Very little is known about the regulation of morphogenesis in synovial joints. Mechanical forces generated from muscle contractions are required for normal development of several aspects of normal skeletogenesis. Here we show that biophysical stimuli generated by muscle contractions impact multiple events during chick knee joint morphogenesis influencing differential growth of the skeletal rudiment epiphyses and patterning of the emerging tissues in the joint interzone. Immobilisation of chick embryos was achieved through treatment with the neuromuscular blocking agent Decamethonium Bromide. The effects on development of the knee joint were examined using a combination of computational modelling to predict alterations in biophysical stimuli, detailed morphometric analysis of 3D digital representations, cell proliferation assays and in situ hybridisation to examine the expression of a selected panel of genes known to regulate joint development. This work revealed the precise changes to shape, particularly in the distal femur, that occur in an altered mechanical environment, corresponding to predicted changes in the spatial and dynamic patterns of mechanical stimuli and region specific changes in cell proliferation rates. In addition, we show altered patterning of the emerging tissues of the joint interzone with the loss of clearly defined and organised cell territories revealed by loss of characteristic interzone gene expression and abnormal expression of cartilage markers. This work shows that local dynamic patterns of biophysical stimuli generated from muscle contractions in the embryo act as a source of positional information guiding patterning and morphogenesis of the developing knee joint.

Dynamic patterns of mechanical stimulation co-localise with growth and cell proliferation during morphogenesis in the avian embryonic knee joint.

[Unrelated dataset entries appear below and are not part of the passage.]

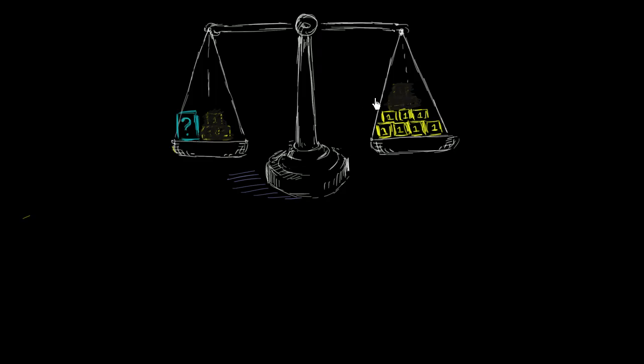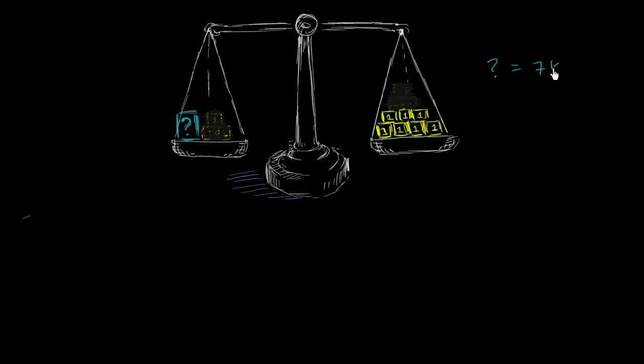Now, when we remove three from both sides, the scale will still be balanced. And we know that this mass is equal to whatever's left over over here. It's equal to one, two, three, four, five, six, seven. And if we're assuming they're kilograms, we'll know that the question mark mass is equal to seven kilograms. That this right over here is a seven kilogram mass.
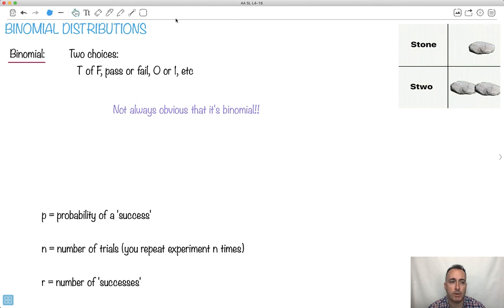I'm going to show you binomial distributions. Something that's binomial means there's two choices, like true or false, pass or fail, 0 or 1, whatever.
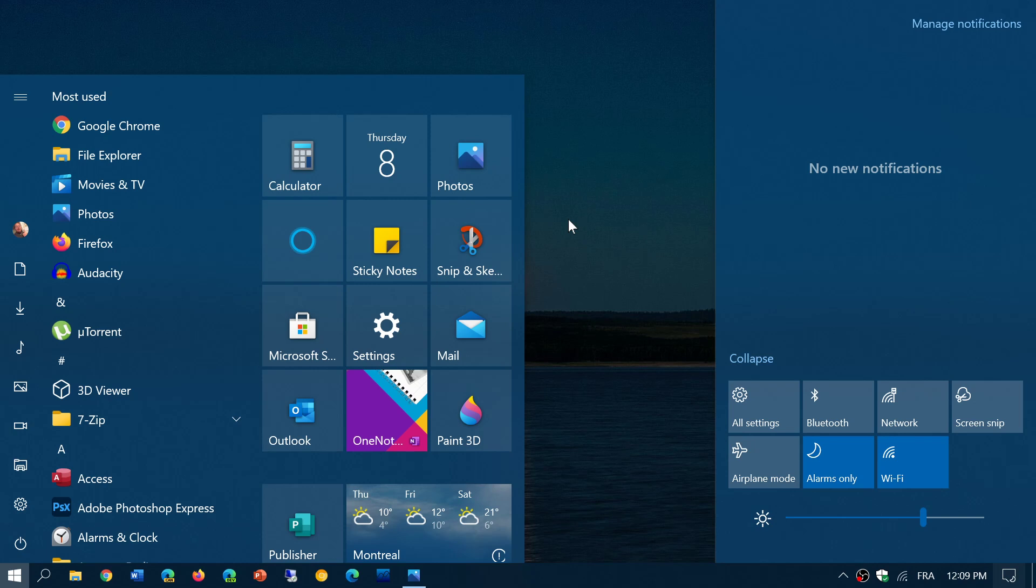We had a new build yesterday for the dev channel, which was the fast ring in the insider rings. One of the things that showed up—I'll share his Twitter account link in the description—there's a Twitter user called Albacore that checks out all sorts of unusual Windows things.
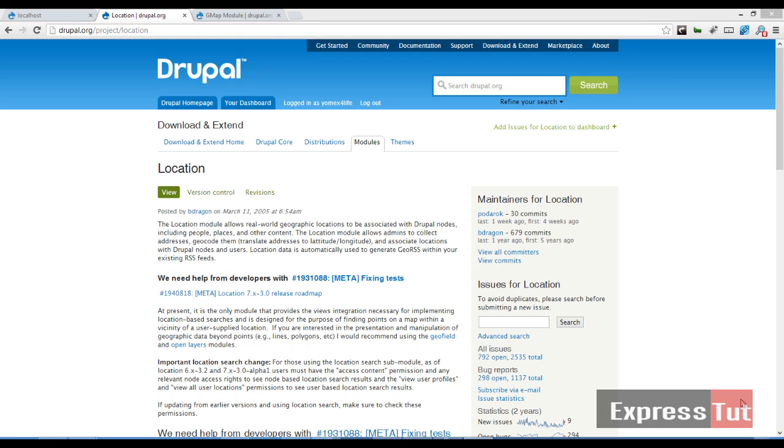Hello and welcome again to another screencast from ExpressStats. Today we're going to be starting a new series on how to work with Google Maps in our Drupal website.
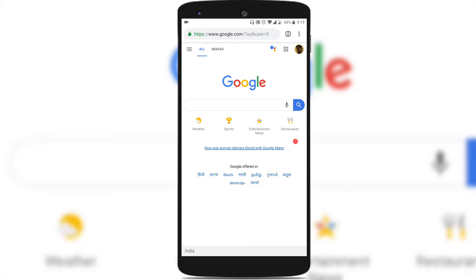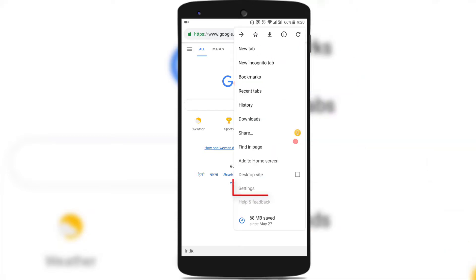Now in order to use Chrome as a strong password generator in Android for creating your online accounts, make sure you have installed the latest version of Chrome in Android, which is Chrome 75. To make sure you have the latest version installed, just open Google Chrome and tap on the three vertical dots on the top and tap on Settings.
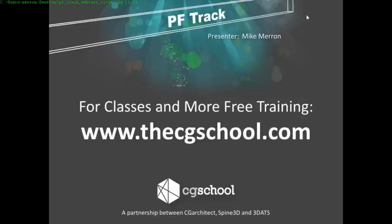Hello everyone, and thank you for joining us today. My name is Michael Merrim from CG School. Today we'll be going over an introduction to PF Track. This webinar is a preview of what you could learn at the CG School. Also, the early bird deadline for the first few classes is next week, and this will be your last opportunity to receive up to $300 off each class. For more information, please check out our schedule at cgschool.com.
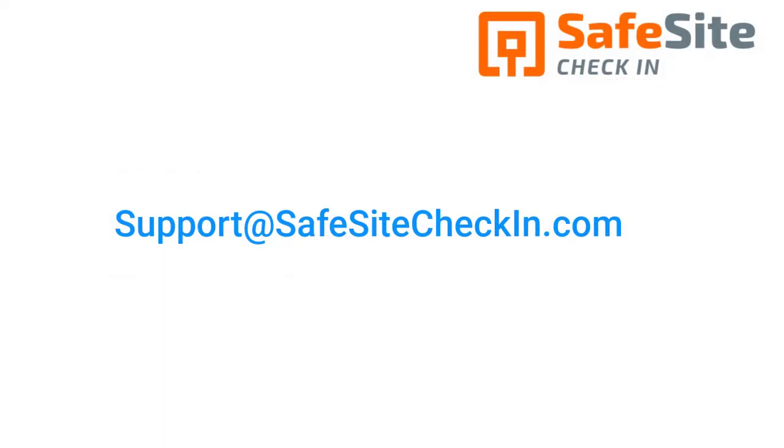This concludes our tutorial video. If you have any questions or issues with your site or setup, please email the SafeSite Check-In product team at support@safesitecheck-in.com.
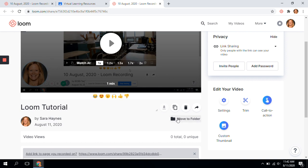You can also trim it. If you want to take off the beginning part of your recording — say you're messing with the tools or trying to format it the way you want it — or the end of the recording so that it doesn't show you fumbling around with the computer, you can trim those pieces off.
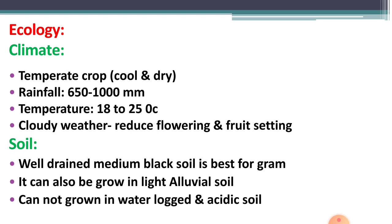Gram can also be grown in light alluvial soil — called muruda — which is rich in organic matter. That soil is also suitable for growing gram. However, gram cannot grow well on waterlogged and acidic soil. This completes the soil requirement for gram.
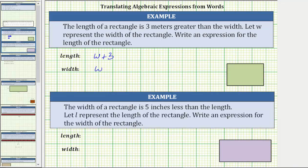Looking at the rectangle on the right, the width is normally the shorter side and the length is normally the longer side, which means the width of this side would be w meters, and the length of this side would be the quantity w plus three meters. As a sentence, the length is the quantity w plus three meters.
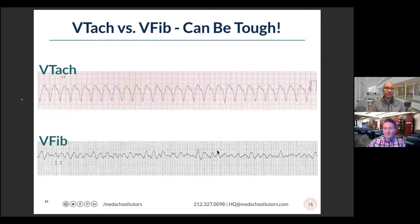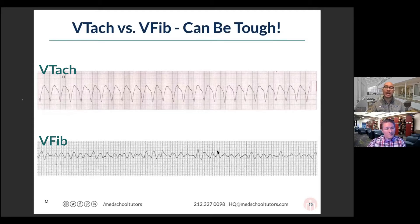It is difficult to tell the difference between ventricular tachycardia and ventricular fibrillation. Remember, both are wide complex tachycardias, or they can be wide complex tachycardias. VTac, at least in its monomorphic form, tends to be more regular. Ventricular fibrillation is more of this jumbled mess where there isn't a clear pattern to it.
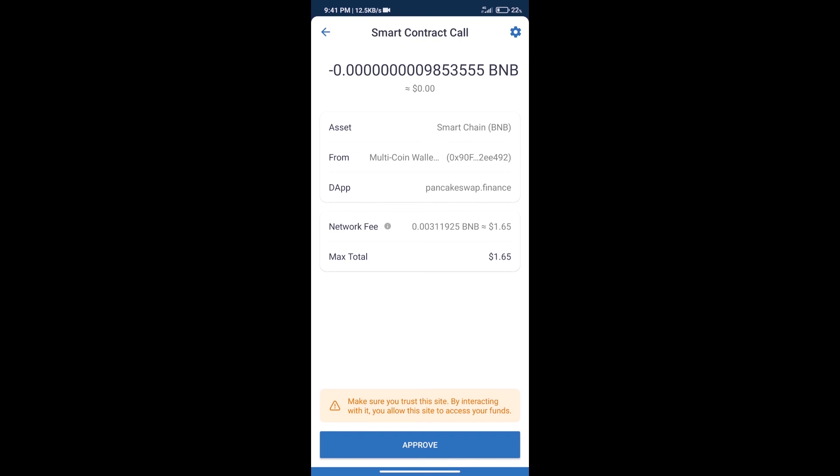Here we can check transaction history and network fee charges. After that, we will click on approve and finally we will get this token successfully.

Muscle contractions begin in early embryonic life, generating forces that regulate the correct formation of the skeleton. In this paper we test the hypothesis that the biophysical stimulation generated by muscle forces may be a causative factor for the changes in shape of the knee joint as it grows. We do this by predicting the spatial and temporal patterns of biophysical stimuli, where cell proliferation and rudiment shape changes occur within the emerging tissues of the joint over time. We used optical projection tomography (OPT) to create anatomically accurate finite element models of the embryonic knee at three time points (stages) of development. OPT was also used to locate muscle attachment sites and AFM was used to determine material properties. An association was found between the emergence of joint shape, cell proliferation and the pattern of biophysical stimuli generated by embryonic muscle contractions. Elevated rates of growth and cell proliferation in the medial condyle were found to co-localise with elevated patterns of biophysical stimuli including maximum principal stresses and fluid flow, throughout the time period studied, indicating that cartilage growth and chondrocyte proliferation in the epiphysis is potentially related to local patterns of biophysical stimuli. The development of the patella and articular cartilages, which is known to be affected by in ovo immobilisation, could be contributed to by specific patterns of fluid flow, pore pressure and stress in the joint interzone. This suggests that both cartilage growth and tissue differentiation in the embryonic joint is regulated by specific patterns of biophysical stimuli and that these stimuli are needed for the correct development of the joint.